I am relieved that you are well.
Such simple, understated words considering what Gable had witnessed after Messor had left her. It made her feel sick all over again.
A change of clothes had been left for her and she quickly slipped into the leather pants and black long sleeved t-shirt. She zipped up her boots and looked around for a clock.
Twenty five minutes until midnight.
Twenty five minutes until Nicky and his friends walked straight to their executions. Because she knew Pablo wouldn't let them go. They probably knew that too, but they'd still go. Nicky would still go. And he'd die.
She cursed when she realized that she hadn't been left a cell phone, and there was no other phone in the room. Pablo didn't want her contacting anybody.
Gable peeped through the door and sure enough, two of Pablo's guys were out in the waiting room. One was busy fiddling with buttons on his cell and the other was asleep, his mouth wide open. They hadn't even noticed Gable had woken up. Pablo must have instructed them to escort her back to The Serpent and clearly hadn't anticipated that she might have other plans in mind or he might have left smarter guys.
The door was out. If she went out there and Dumb and Dumber saw her, they'd report straight back to Pablo and he'd insist on her presence, and she couldn't go to him. Not right away.
So she rolled up the blinds on the small window and looked out—ground floor, score
! It was a piece of cake to slide the window up and silently climb out, and she sprinted around to the front entrance of the hospital.

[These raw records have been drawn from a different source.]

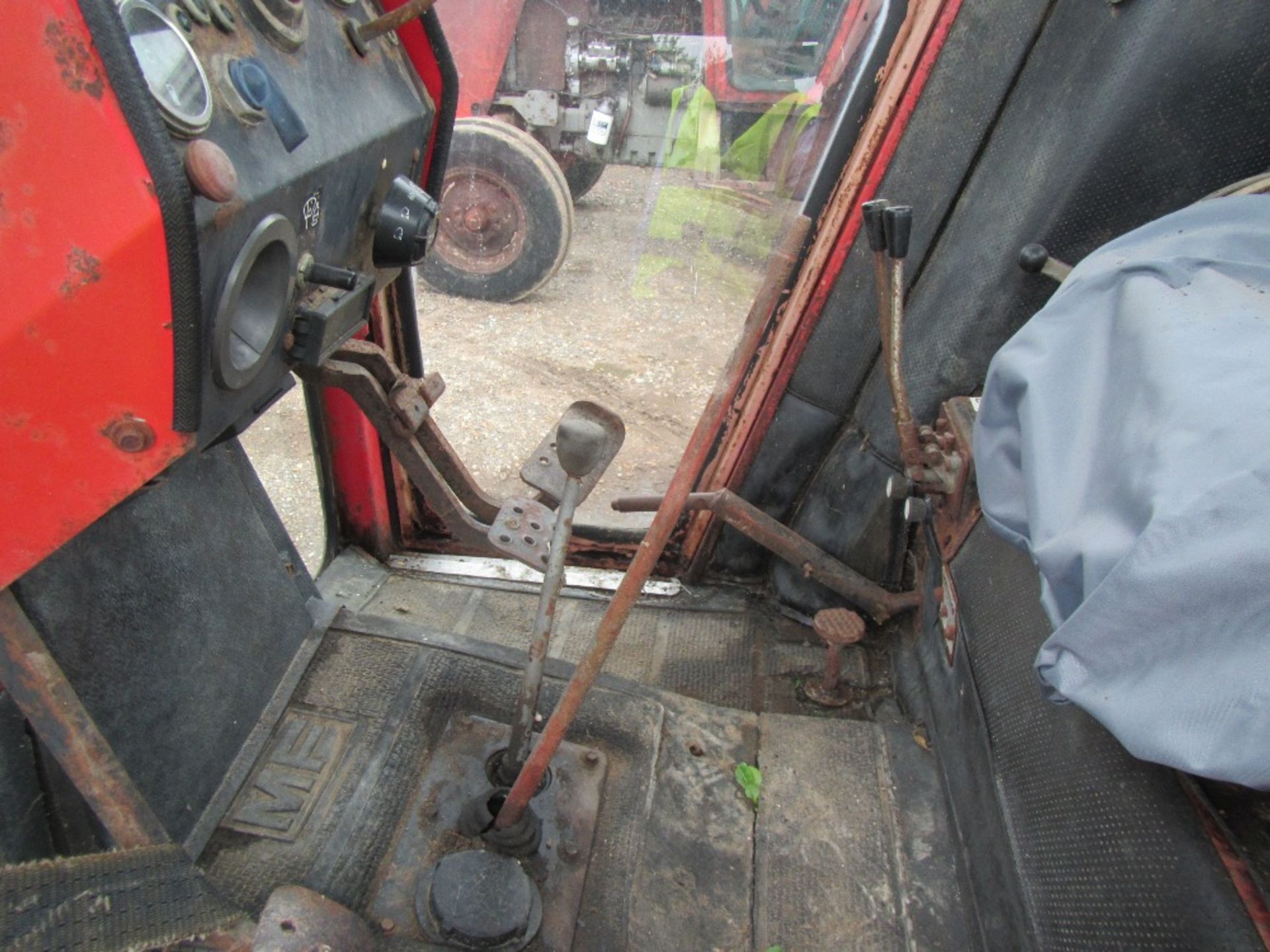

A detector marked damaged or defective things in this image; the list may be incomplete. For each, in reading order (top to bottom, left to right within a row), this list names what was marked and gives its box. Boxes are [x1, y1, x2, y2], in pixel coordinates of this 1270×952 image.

rusted metal [614, 492, 910, 624]
rusted metal [0, 587, 169, 846]
rusted metal [810, 611, 868, 709]
rusted metal [253, 883, 376, 952]
rusted metal [368, 719, 606, 947]
rusted metal [1180, 777, 1270, 947] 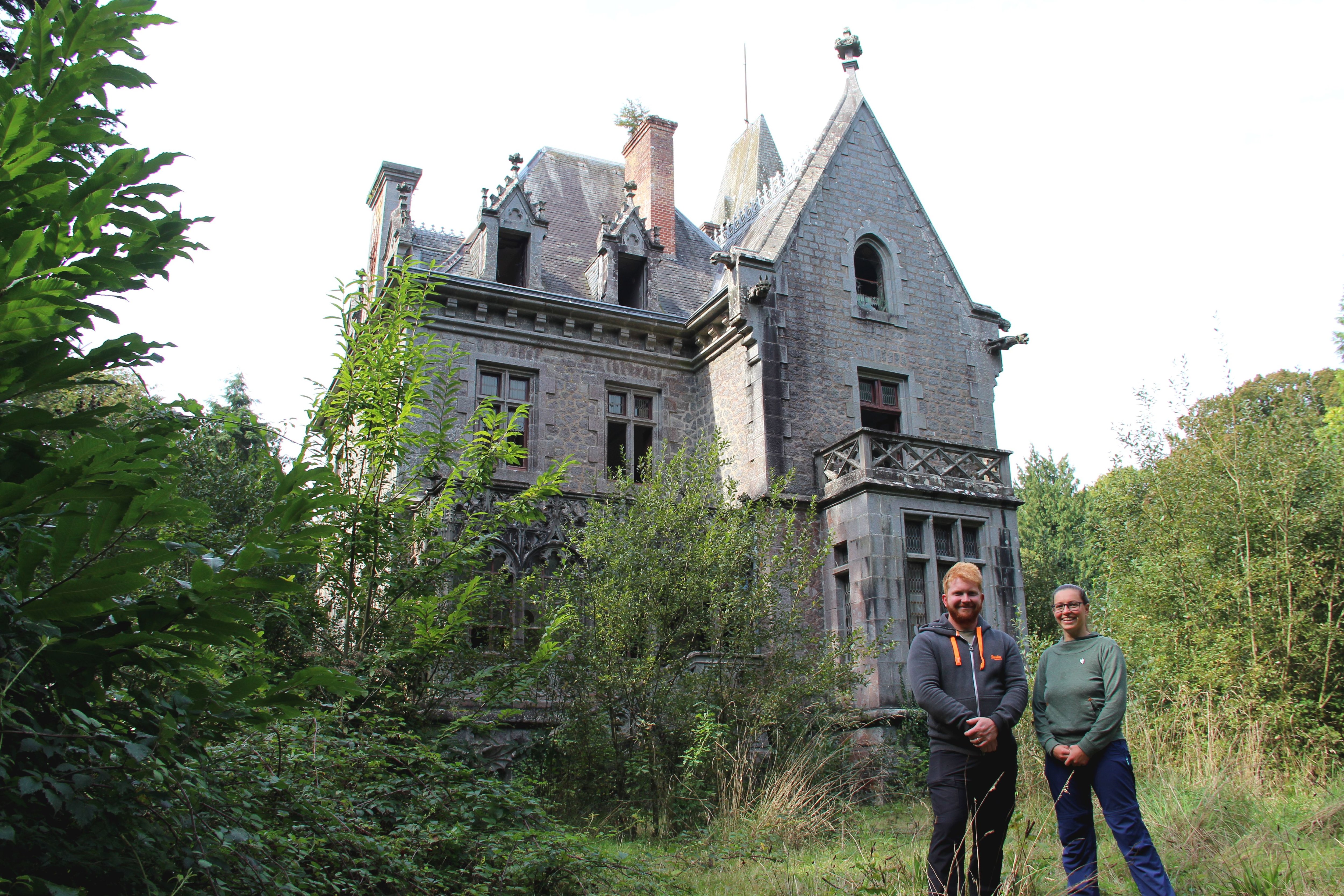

There was a small gift shop in the lobby and a friendly looking girl with blue stripes in her blonde hair sat behind the counter. Gable gave her sweetest, most charming smile.
“Hey, do you have a phone I could borrow?” she asked. “I'm such a dope. I lost my cell and I need to call my ride.”
The girl nodded and slid the phone across the counter. “Better make it quick though. My boss is a total tight ass and if she comes back and sees you on it she'll make you pay. She's such a beeyotch.”
Gable nodded though she wasn't listening to a word the girl was saying. She dialled the only person she knew could help her.
“Terelle,” she said. “I need you.”
FORTUNATELY, THERE WAS one thing the Guardians had that Pablo knew nothing about...and that was Nicky. Or his Shadow Guide abilities, at least. He was their secret weapon. He'd never been a secret weapon before; it was kind of cool.
When they entered The Serpent, the first thing Nicky noticed was that the place was filled with shadows. Overwhelmed by them. Pablo had murdered so many people within the beautiful, fancy walls.
Nicky closed his eyes and summoned up every ounce of energy he could muster and called out to them. Every single one of them answered, ready to fight with him for his cause, ready to fight for their own justice.
The hotel was mysteriously empty of guests, and Nicky could only assume that Pablo had sent them away. He hoped that was what had happened, anyway. The alternative was...grim.
Instead, more than a dozen of Pablo's men attacked them, coming from all angles. The Guardians didn't even have to fight—which was lucky, as Nicky wasn't sure he had a single scrap of spare energy left to defend himself. The shadows swarmed over the men and Nicky had to instruct them to incapacitate, not kill, before there was a pile of bloody bodies laying on the ground.
The Guardians took the stairs instead of the elevator and with the help of the shadows, they managed to get all the way to the top floor. Nicky was so weak from sharing his energy with the shadows that Zay practically had to drag him up. They entered another grand room—Pablo didn't seem to do anything to a normal scale—with only one other door. Pablo's office.